Clinical evaluation of large language model recommendations in melanoma: comparison with multidisciplinary tumor board decisions in a real-world cohort - Report - MDSpire
Advertisement
Clinical evaluation of large language model recommendations in melanoma: comparison with multidisciplinary tumor board decisions in a real-world cohort
Clinical Report: Assessment of Large Language Model Suggestions in Melanoma
Overview
This study evaluates the performance of four large language models (LLMs) in generating treatment recommendations for melanoma compared to a multidisciplinary tumor board's decisions.
Background
Malignant melanoma is a significant global health challenge, with rising incidence rates and a need for effective treatment strategies. Multidisciplinary tumor boards (MDTs) play a crucial role in decision-making for melanoma management, particularly in resource-limited settings. The integration of large language models (LLMs) into this process requires thorough evaluation.
Data Highlights
LLM
Performance Rating
ChatGPT-5 Thinking
Strongest
ChatGPT-4o
Moderate
Gemini 2.5 Pro
Less Favorable
DeepSeek-V3.2
Least Favorable
Key Findings
Inter-rater reliability among oncologists was acceptable to good.

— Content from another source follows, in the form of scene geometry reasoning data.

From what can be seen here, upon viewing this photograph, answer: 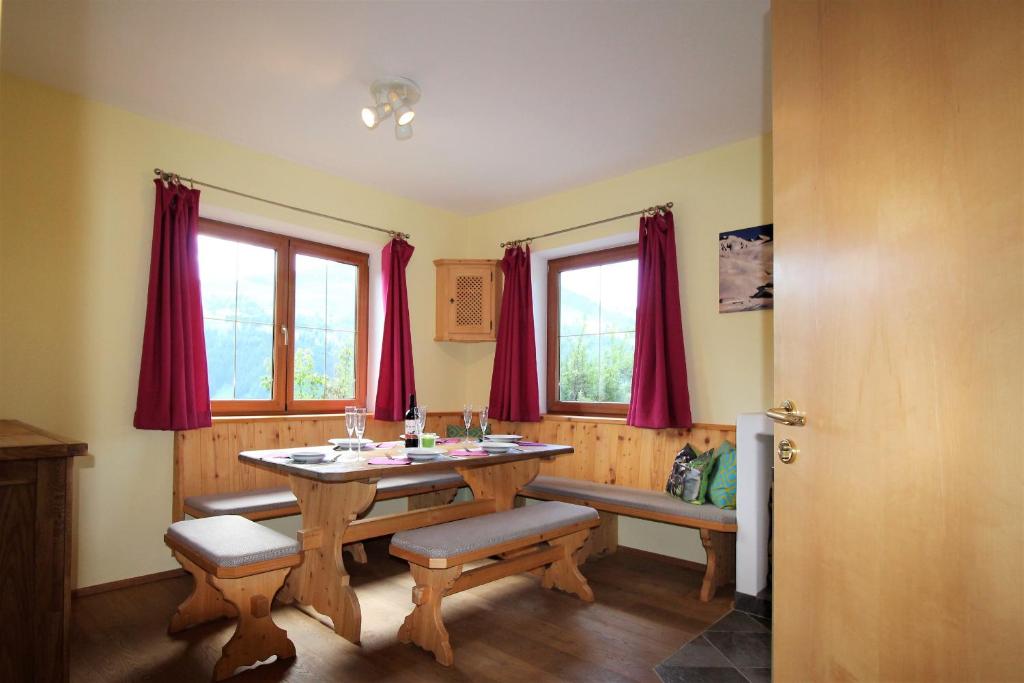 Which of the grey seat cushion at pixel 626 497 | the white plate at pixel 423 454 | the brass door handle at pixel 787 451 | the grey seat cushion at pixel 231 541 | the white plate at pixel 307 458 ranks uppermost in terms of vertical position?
the brass door handle at pixel 787 451

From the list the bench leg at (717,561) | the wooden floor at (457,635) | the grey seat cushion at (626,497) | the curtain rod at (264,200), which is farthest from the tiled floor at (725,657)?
the curtain rod at (264,200)

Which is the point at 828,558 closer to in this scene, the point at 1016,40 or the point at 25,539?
the point at 1016,40

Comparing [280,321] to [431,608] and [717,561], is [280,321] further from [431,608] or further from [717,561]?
[717,561]

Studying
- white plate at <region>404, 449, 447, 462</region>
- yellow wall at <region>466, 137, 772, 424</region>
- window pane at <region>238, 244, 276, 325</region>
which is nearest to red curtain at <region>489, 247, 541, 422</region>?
yellow wall at <region>466, 137, 772, 424</region>

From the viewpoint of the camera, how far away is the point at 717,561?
3.00 metres

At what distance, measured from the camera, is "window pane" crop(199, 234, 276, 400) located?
11.8 feet

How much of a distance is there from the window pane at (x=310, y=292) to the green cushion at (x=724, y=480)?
9.31ft

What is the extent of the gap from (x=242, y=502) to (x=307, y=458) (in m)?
0.79

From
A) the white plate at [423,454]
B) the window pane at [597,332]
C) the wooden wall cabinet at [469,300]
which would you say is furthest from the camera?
the wooden wall cabinet at [469,300]

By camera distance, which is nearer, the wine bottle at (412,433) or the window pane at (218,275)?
the wine bottle at (412,433)

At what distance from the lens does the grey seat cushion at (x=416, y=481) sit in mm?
3436

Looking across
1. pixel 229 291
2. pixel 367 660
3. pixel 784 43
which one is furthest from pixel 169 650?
pixel 784 43

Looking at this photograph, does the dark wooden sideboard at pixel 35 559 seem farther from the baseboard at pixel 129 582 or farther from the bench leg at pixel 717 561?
the bench leg at pixel 717 561

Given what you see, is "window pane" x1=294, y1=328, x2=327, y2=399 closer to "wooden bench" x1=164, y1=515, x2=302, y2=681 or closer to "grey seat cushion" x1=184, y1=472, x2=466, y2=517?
"grey seat cushion" x1=184, y1=472, x2=466, y2=517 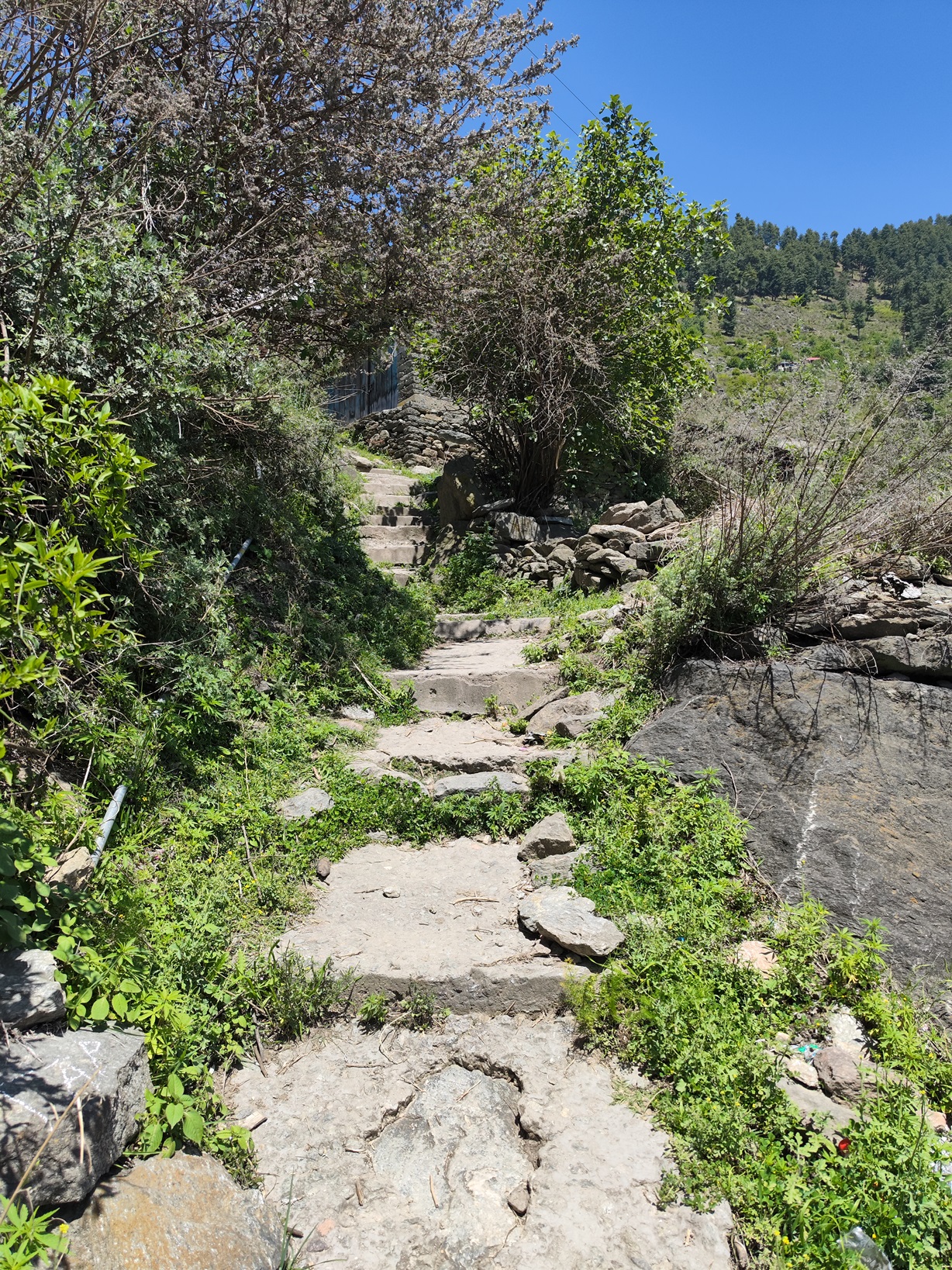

ChatGPT-5 Thinking showed consistent performance across evaluated domains.
Statistically significant differences were observed between the LLMs in all domains assessed.
Performance differences were most relevant in complex treatment scenarios.
LLM-generated recommendations should not replace independent treatment decisions.
Clinical Implications
The findings indicate that LLMs may have a role in melanoma treatment decision-making, but their recommendations should be used as supportive tools rather than as standalone treatment decisions.
Conclusion
This study emphasizes the need for further research before LLMs can be integrated into clinical workflows.